The NSPCC has set up a new helpline offering advice on child trafficking issues. The service was set up with funding from the Home Office and Comic Relief. It will run in partnership with the Child Exploitation and Online Protection Centre (CEOP) and End Child Prostitution, Child Pornography and the Trafficking of Children for Sexual Purposes (ECPAT UK). The NSPCC has received referrals of trafficked children to its London-based Streetmatters/Bfree group, which helps sexually exploited girls and young women. A number of trafficked young people who have benefited from the service will help to guide the NSPCC and its partners on the future development of the Child Trafficking Advice and Information Line. CEOP’s 2007 study uncovered 330 children and young people who had been trafficked into the UK and were subsequently abused and exploited through slave labour and forced prostitution. NSPCC director and chief executive Dame Mary Marsh said: ‘Trafficked children have often lost their trust in adults because of the abuse they have suffered. The NSPCC’s advice line will help break down these barriers. Its success will depend on adults working with children being vigilant, calling us when they need to know what to do, and intervening to help protect the victims of child trafficking.’ The helpline will offer advice and will also be able to refer callers to other agencies including sources of direct support for trafficked children, and provide training to professions and community organisations working with children. CEOP staff will work alongside NSPCC staff to provide advice and information on law enforcement issues, and link up with the UK’s Human Trafficking Centre (UKHTC) for guidance on trafficking-related police operations.

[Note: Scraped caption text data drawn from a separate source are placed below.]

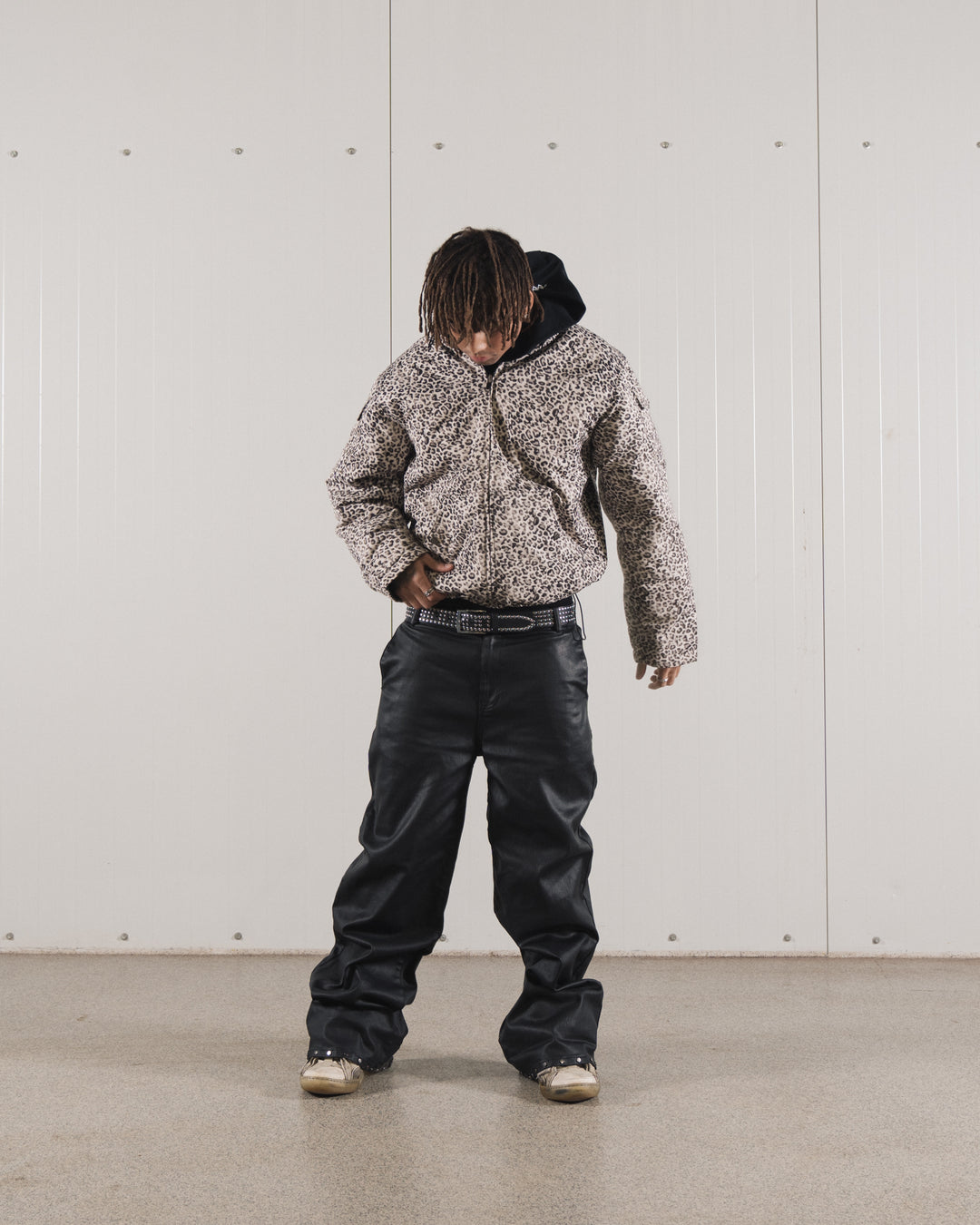 LEOPARD REVERSIBLE JACKET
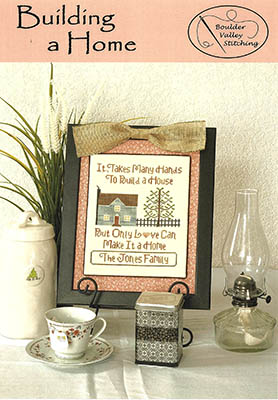 Building A Home - Cross Stitch Pattern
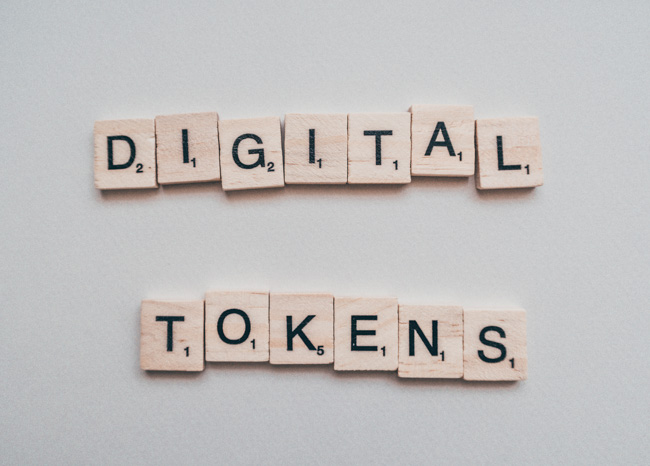 what are digital tokens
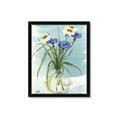 Picture of Street Flower In Bottle Water _GroupedProduct_Rectangle_Portrait_Framed_Matted_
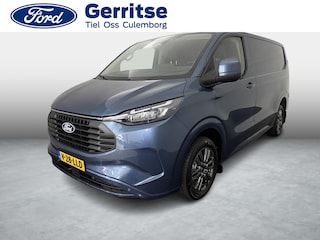 Ford Transit Custom 320 2.5 PHEV L1H1 Limited met o.a. B&O audio, 17 inch lichtmetalen velgen, Een achteruitrijcamera, Dode hoek herkenning, Adaptieve cruise control en een Navigatiesysteem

Common signs that a child may have been trafficked include:

  • Children who seem confused about their living arrangements, or how they came to be in the UK.
  • Adults who appear to be controlling a child’s ability to communicate with others or take part in normal life.
  • A child being looked after by adults whose relationship to them is unclear.
  • A young person who regularly goes missing from local authority care and turns up at different locations around the country.
  • A child who is known to regularly beg for money or is linked to criminal activity.
  • A child who has not been enrolled at a school, registered with a GP and whose contact with social services is being hampered by their supposed carer.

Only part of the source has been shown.